UsuńA Ty chyba lubisz Eddiego Murphy :)
dla mnie znachor jest zawsze the best:)
OdpowiedzUsuńMuszę jeszcze książkę przeczytać, stoi chyba gdzieś u Mamci na półce :)
UsuńBardzo lubię wszystkie te filmy, no może poza Misiem, on nigdy jakoś mi się nie podobał :)
OdpowiedzUsuńJa Misia uwielbiam, za to nie potrafię się przekonać do Rejsu :)

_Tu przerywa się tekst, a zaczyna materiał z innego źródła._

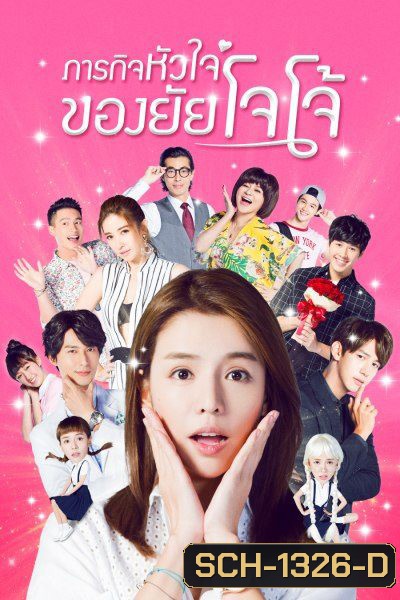 Jojos World (2017) ภารกิจหัวใจของยัยโจโจ้ (24 ตอนจบ)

UsuńSeksmisję, Misia i Kogel-Mogel widziałam. Z tych starych filmów podobały mi się: "Nie lubię poniedziałku", "Poszukiwany, poszukiwana" (i niezawodna Marysia :D), "Jak rozpętałem II wojnę światową" (wszystkie części):) Z tych bardziej "nowszych" polecam "Dzień świra" (czy ktoś tego jeszcze nie zna? :P) i "Czas surferów".
OdpowiedzUsuńNie widziałam Czasu surferów :) A te stare polskie komedie są fantastyczne. Zawartość cukru w cukrze zawsze mnie rozśmiesza :)

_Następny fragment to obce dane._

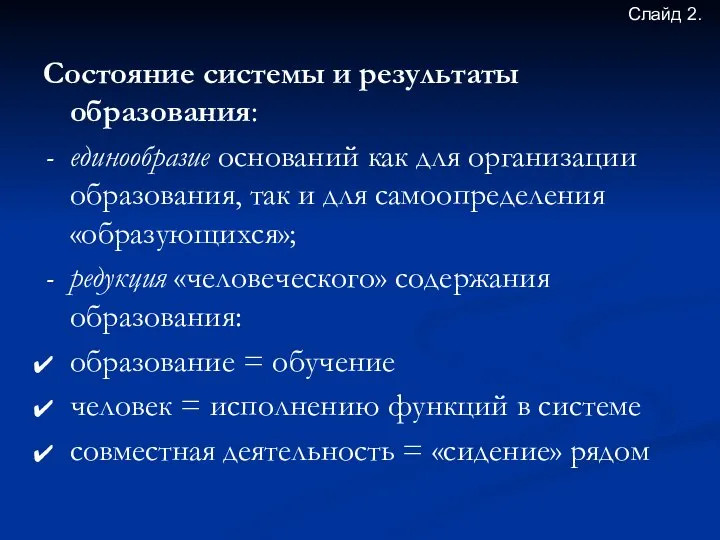 Состояние системы и результаты образования: единообразие оснований как для организации образования,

UsuńMuszę obejrzeć "Przeminęło z wiatrem", widziałam kiedyś fragment i bardzo mi się spodobał. Ale aktualnie jeste przy drugiej części "Ojca Chrzestnego" i nie mam czasu obejrzeć go do końca :p Stare polskie komedie to klasyka, uwielbiam je :)
OdpowiedzUsuńPrzeminęło z wiatrem - koniecznie! Ja obejrzałam pierwszego Ojca chrzestnego, do drugiego nie potrafię się zabrać :)
Usuń28 year old Tax Accountant Inez Brosh, hailing from Longueuil enjoys watching movies like "See Here, Private Hargrove" and Astronomy. Took a trip to The Four Lifts on the Canal du Centre and drives a Ferrari 250 Testa Rossa. kliknij tutaj, aby uzyskac wiecej informacji
OdpowiedzUsuńSeksmisja to klasyka sama w sobie. Ja bym tutaj jeszcze dodała Dzień Świra. To był dopiero dobry film. Dobrze jest sobie czasem przypomnieć takie klasyki z młodości.